How Fraternities Used to Be

"μῆνιν ἄειδε θεὰ Πηληϊάδεω Ἀχιλῆος"
New Criterion
"The fraternity system is as old as America. The first fraternity, Phi Beta Kappa, was founded in 1776 at William and Mary. That society, which still awards membership based on academic performance, strove to promote fellowship, intellect, and moral conduct. By the 1820s, Phi Beta Kappa had transformed into a purely academic society as fraternities started to spread across American colleges. These organizations, which were literary and social societies, were founded very much in the same spirit as Phi Beta Kappa. They fashioned themselves with the model of ancient Greece in mind.
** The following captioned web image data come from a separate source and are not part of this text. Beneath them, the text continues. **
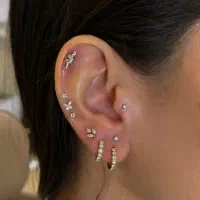 خدمات پیرسینگ در کلینیک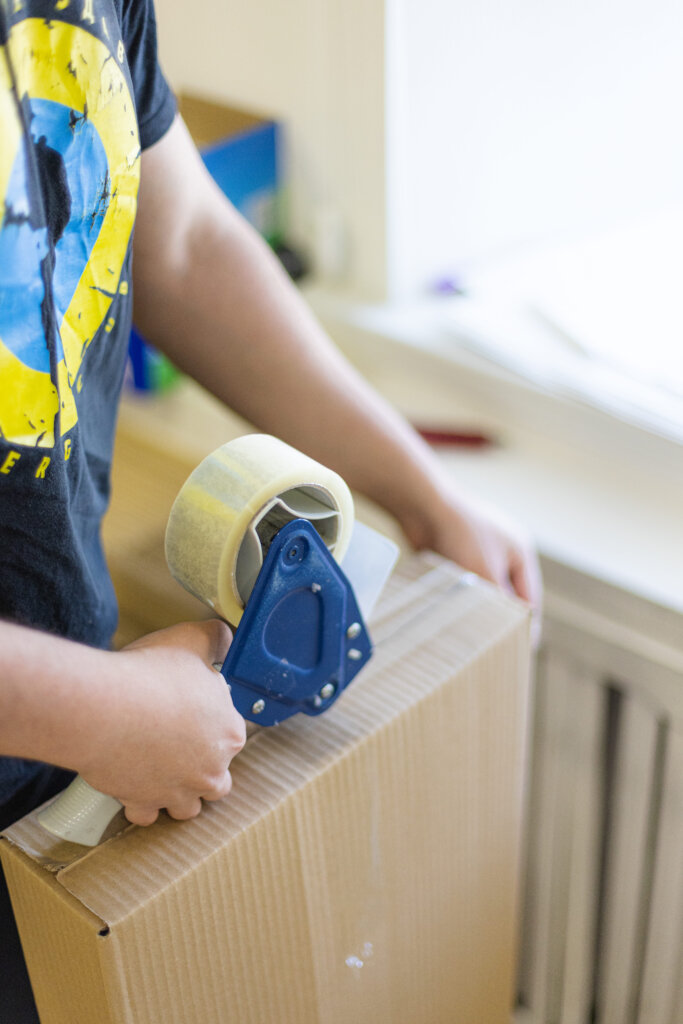 Help women in frontline areas with care and tools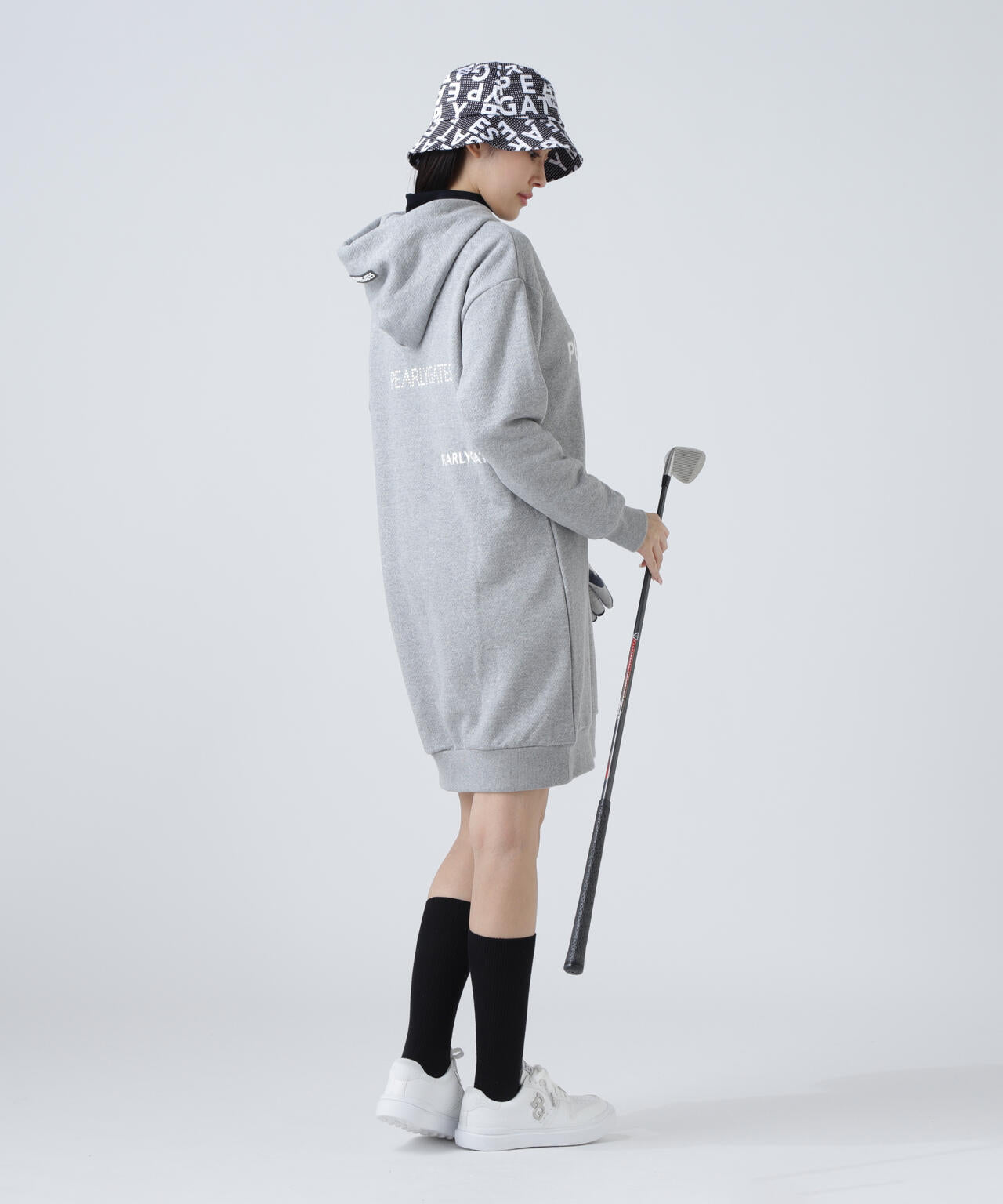 ジグザグ裏毛ジャガードスウェットフーディワンピース | PEARLY GATES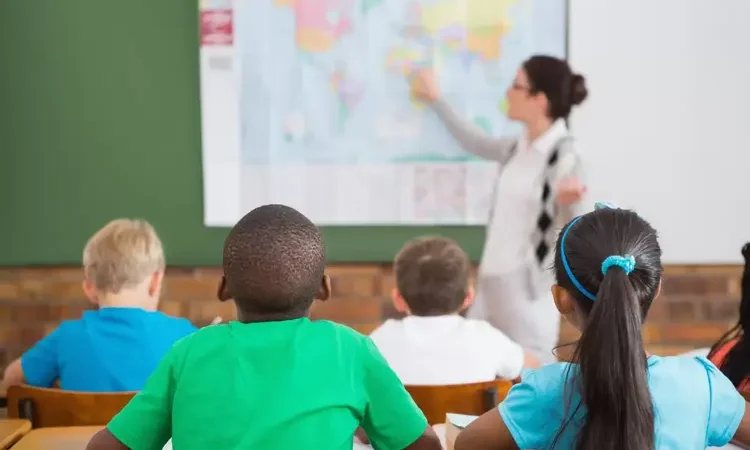 Mais 78 professores dos concursos de 2013 e 2014 são nomeados pelo Estado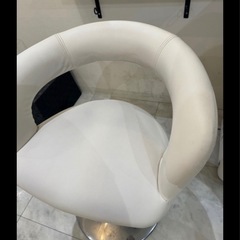 椅子　チェアー　昇降付き2脚の画像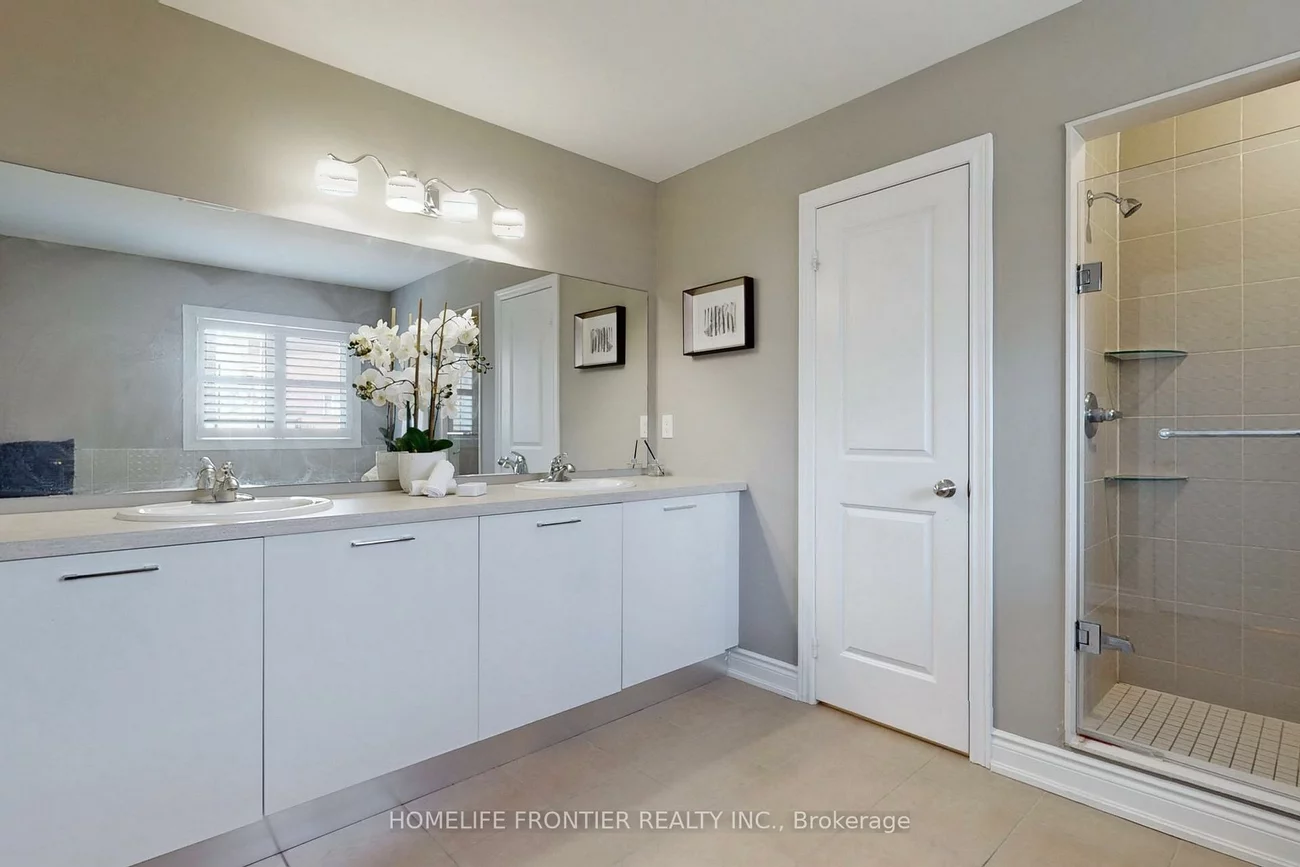 24, Manor Glen, Mt Albert, East Gwillimbury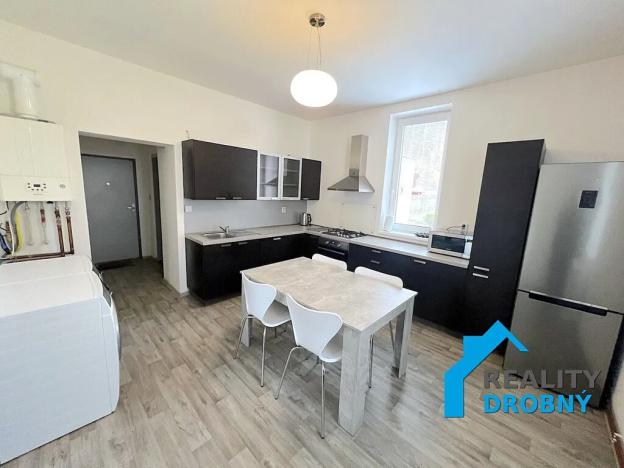 Pronájem bytu 4+1, Děčín, Bělská, 101 m2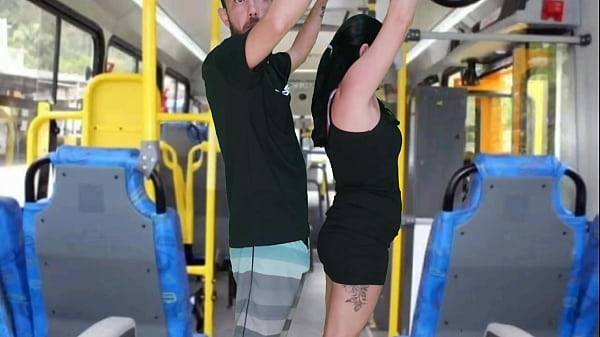 Play MP4 - Velho escroto da encoxada e se masturba at&eacute; gozar na morena dentro do &ocirc;nibus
They were named after Greek letters during a period in American history when “Greece eclipsed Rome as the model for virtuous citizenship in the American imagination and at colleges particularly,” as the historian Nicholas L. Syrett writes in The Company He Keeps: A History of White College Fraternities. “To be Greek,” he goes on, “was to hearken back to the ancients, to the ideals of the founding of Western civilization; it was also to subscribe to notions of self-improvement through literature and oratory.”
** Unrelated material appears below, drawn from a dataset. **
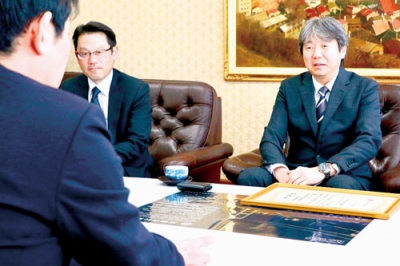 写真：ふるさと納税で感謝状を贈られた柴田取締役社長（右）ら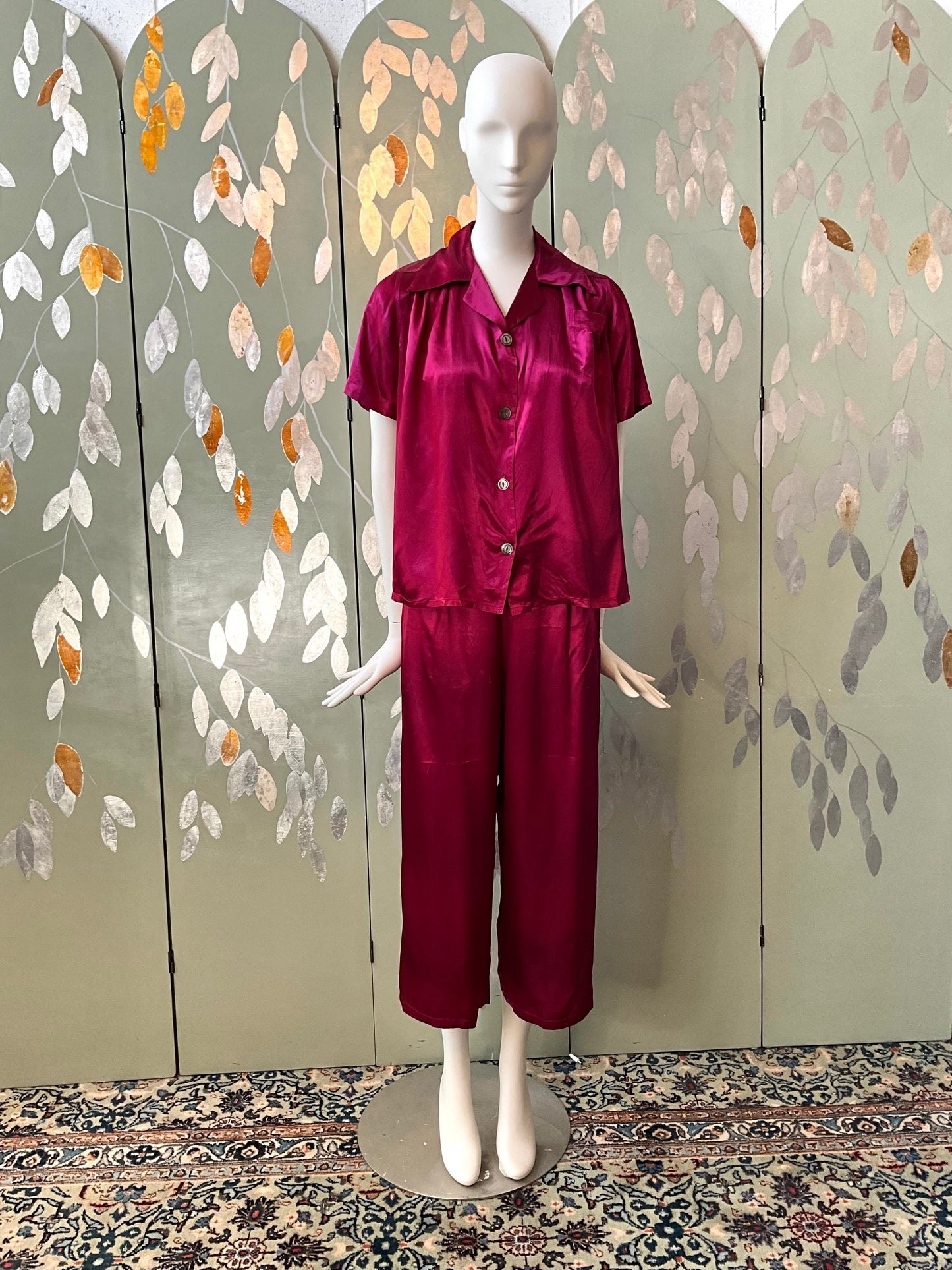 Vintage 1940s Burgundy Satin Pyjamas and Robe, XS or Junior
Like the band of friends in Plato’s Symposium, fraternity members came together around two common interests: fellowship and intellectual cultivation. To discipline one’s mind, as Syrett notes, was part of living a virtuous life, which is what the fraternity brothers aspired to do. Meeting minutes from the mid-1800s show brothers at schools like Amherst, Yale, and the University of Michigan gathering to discuss Shakespeare, the benefits and drawbacks of the United States admitting New Mexico into the Union, and “the character of William Pitt, Earl of Chatham.” Manliness was defined in terms of being intelligent, socially graceful, handsome, and morally upright—that is, being a gentleman. In 1836, a fraternity at Williams College determined whether to admit men into their brotherhood by asking: “Would you want your sister to marry him?
By the 1920s, the ideal of masculinity changed from the more genteel manliness of the antebellum period to one grounded in physical prowess, athleticism, sexual virility, and aggression. Drinking had occurred previously in fraternities, but the fraternity brothers tried to drink “gentlemanly” quantities—that is, in moderation. But by the post-World War I period, excessive drinking—not self-control—became a mark of masculinity. The more manliness and drinking became intertwined, the more college men drank themselves to the point of oblivion.
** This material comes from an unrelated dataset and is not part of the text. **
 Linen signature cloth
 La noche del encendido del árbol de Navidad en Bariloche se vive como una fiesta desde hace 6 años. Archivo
Part of the reason ideals of manliness changed, Syrett points out, is women. As women started attending colleges that were traditionally all-male, men not only responded with hostility, but they felt compelled to assert their manliness in new ways. Women, after all, were now equal to men in the eyes of the college. They could engage in the same intellectual exercises as the fraternity men of the antebellum period. But what women could not do was rival men in their physicality, which included their drinking prowess. Another dividing line between men and women was the act of sex itself. For men, sexual prowess became a signature of manhood. “It was in the twenties,” writes Syrett, “that it became popular—indeed, commonplace—for young, middle-class men, fraternity brothers among them, to discuss their sexual exploits with each other.”



3 comments:

  1. Need to read the entire piece, but:
    He's failing to account for the other social factors. In the 20s, the post Great War cynicism and existential grasping for life of older students hardened and scarred by war, for example, surely affected the college social scene (as it did society in general).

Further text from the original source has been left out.